[Brief descriptive captions]
┄┄┄┄┄┄┄┄┄┄

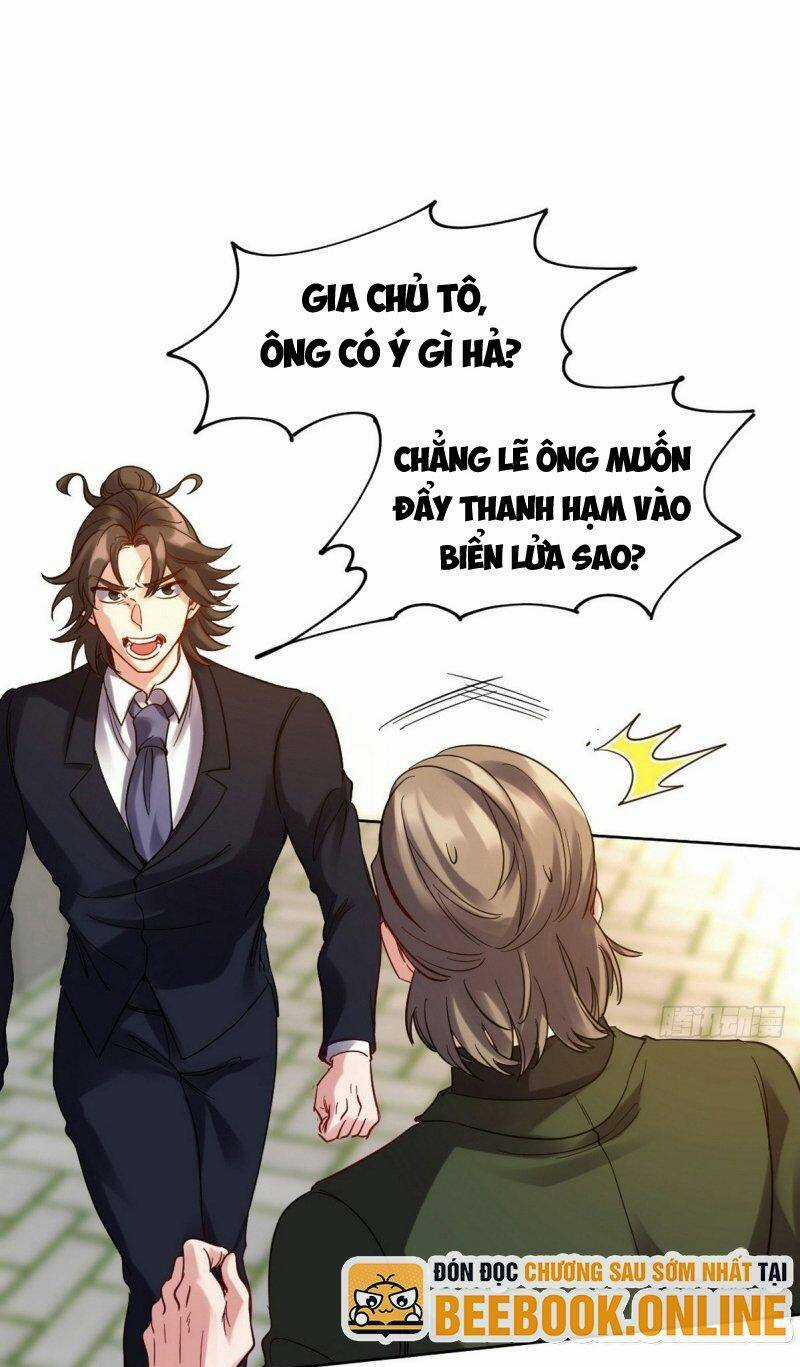 Long Vương Điện Chapter 160 trang 0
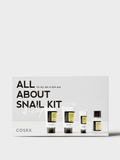 (Free Gift)  ALL ABOUT SNAIL KIT 4-step
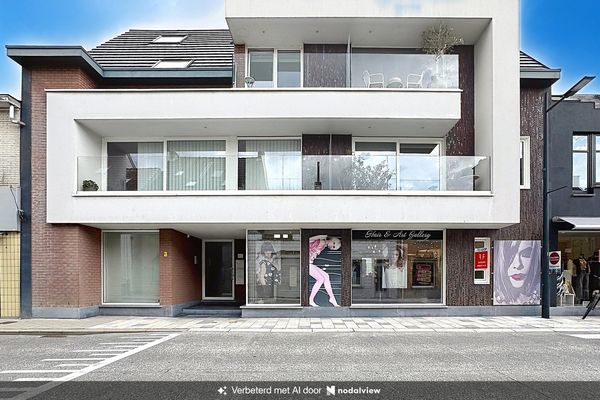 Commercieel
                                te koop
                                in Sint-Lievens-Houtem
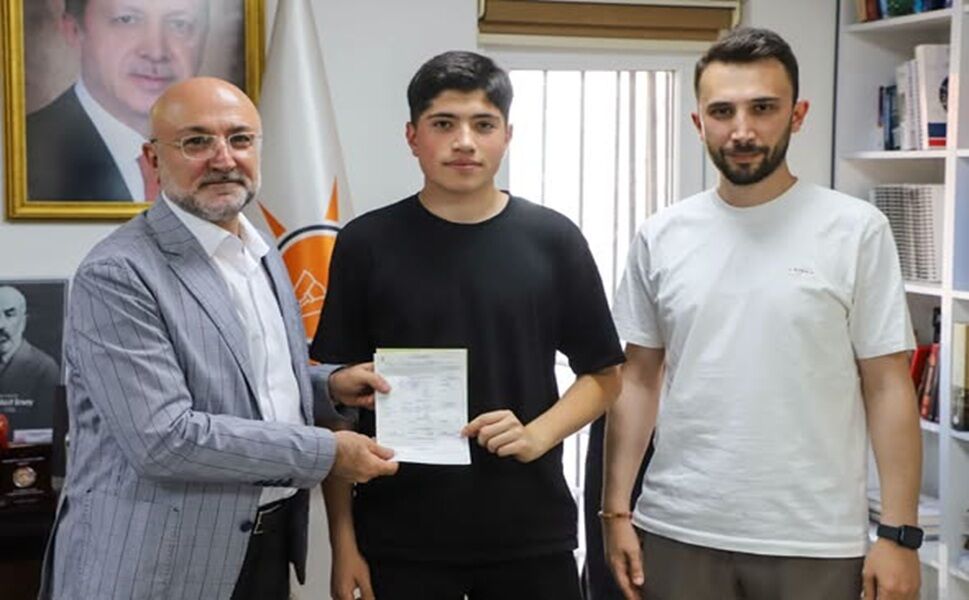 Ak Gençlik’e Yeni Katılım2
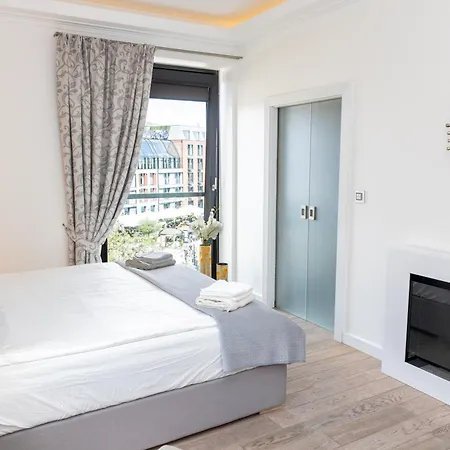 Nad Motlawa - Downtown Apartment *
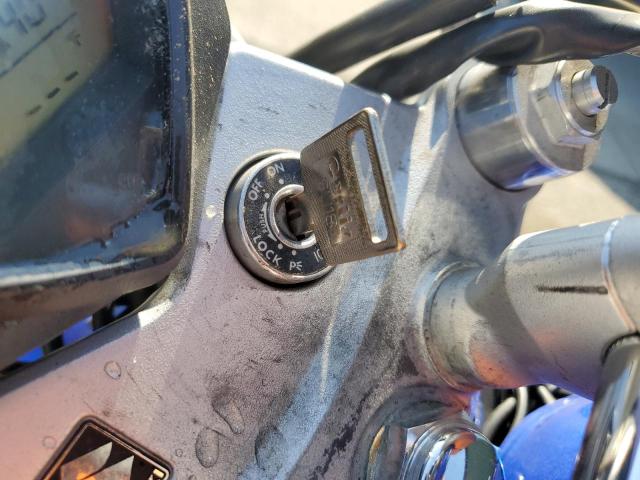 2005 SUZUKI SV650 JS1VP53A952104835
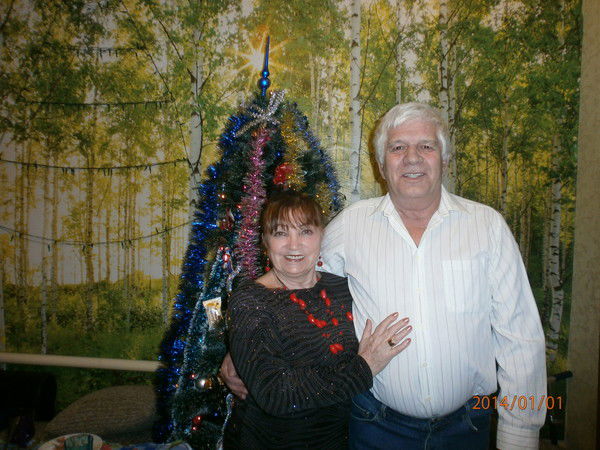 Лариса Марычева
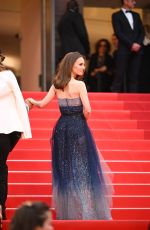 NATALIE PORTMAN at The Zone of Interest Premiere at 76th Annual Cannes Film Festival 05/19/2023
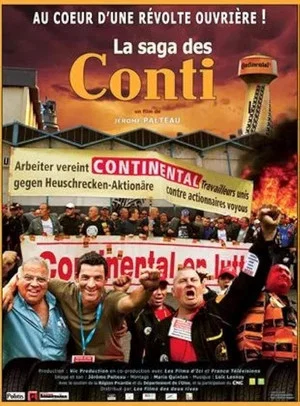 Постер: The Contis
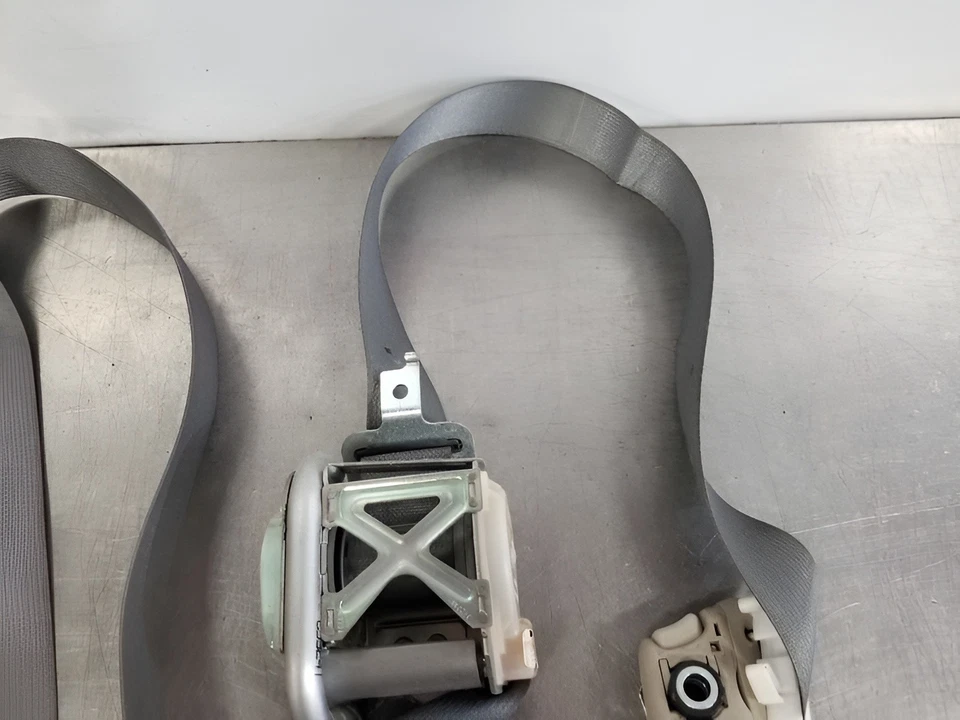 2005-2011 Dodge Dakota Front Right Passenger Seat Belt Retractor Assembly GRY Foto 2 de 4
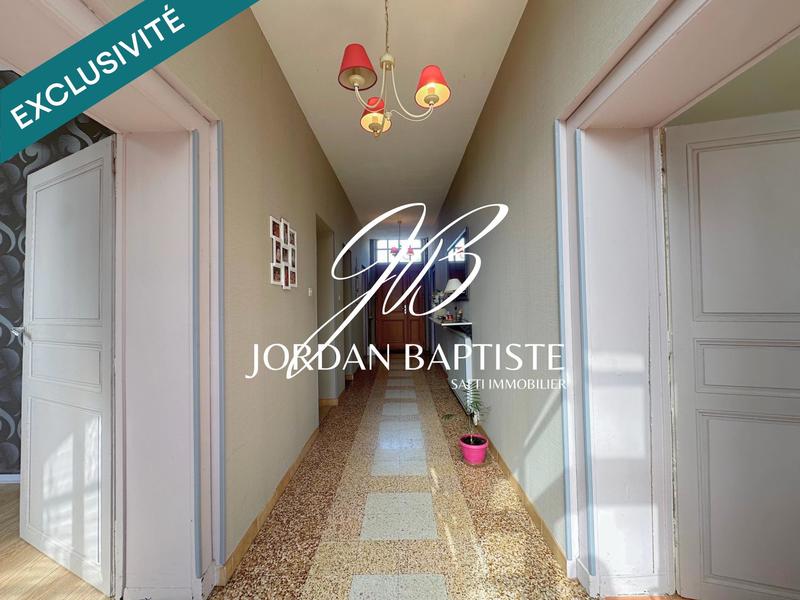 Maison - 135 m² - 5 pièces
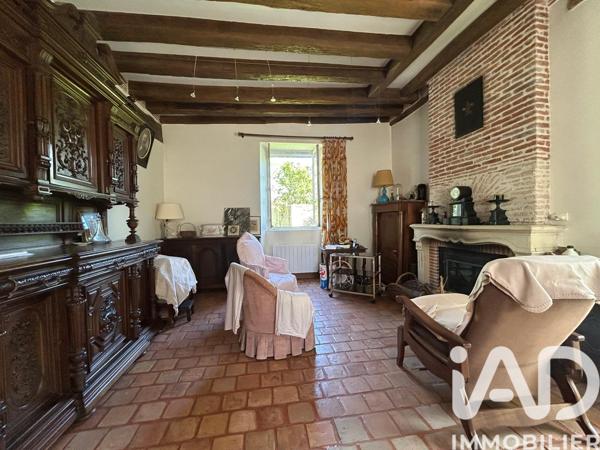 Maison à vendre 11 pièces 325 m² Menars
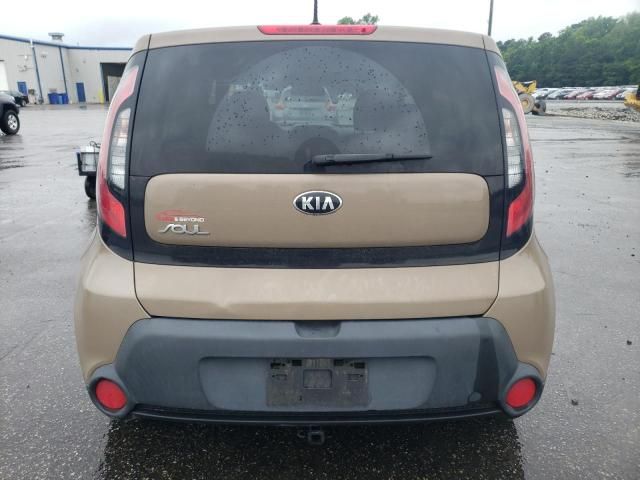 2016 KIA Soul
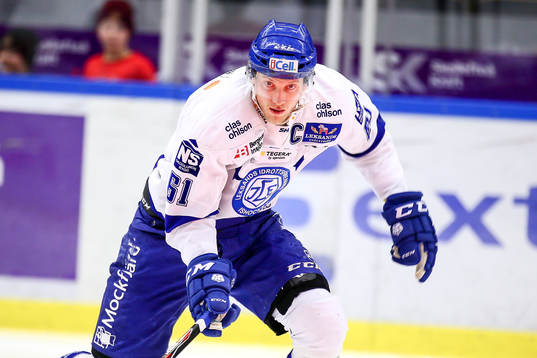 Leksands  Johan Ryno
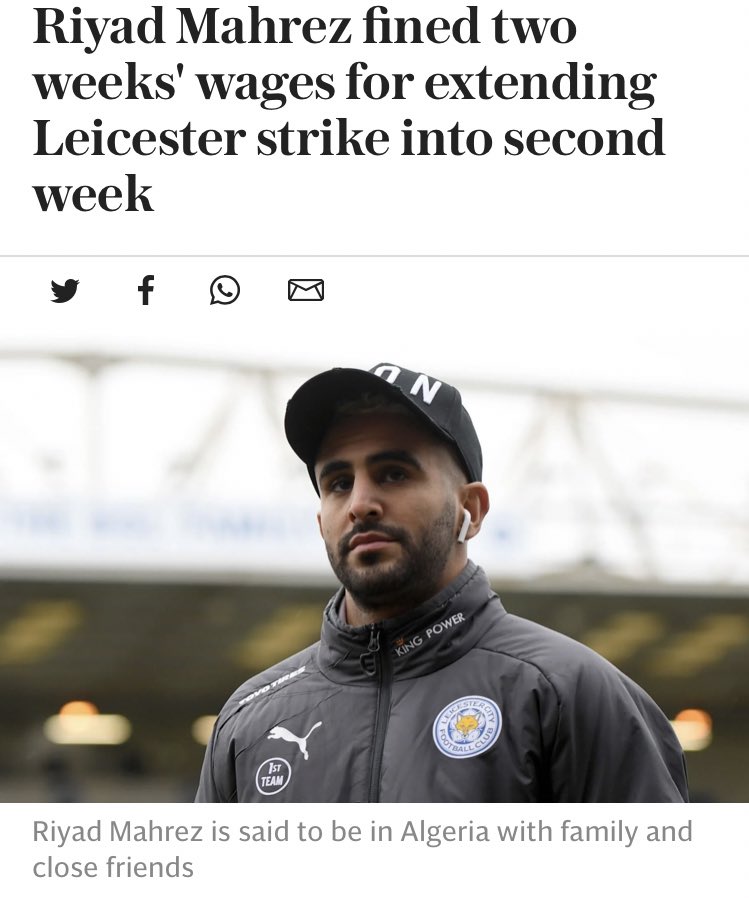 I’m sorry we have to go through this one again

┄┄┄┄┄┄┄┄┄┄

EXERCISE BRIEF — Leaving the pictures out, give again word for word each line from the one holding "Постер: The Contis" through the end of the records.

RESPONSE TO THE EXERCISE —
 Постер: The Contis
 2005-2011 Dodge Dakota Front Right Passenger Seat Belt Retractor Assembly GRY Foto 2 de 4
 Maison - 135 m² - 5 pièces
 Maison à vendre 11 pièces 325 m² Menars
 2016 KIA Soul
 Leksands  Johan Ryno
 I’m sorry we have to go through this one again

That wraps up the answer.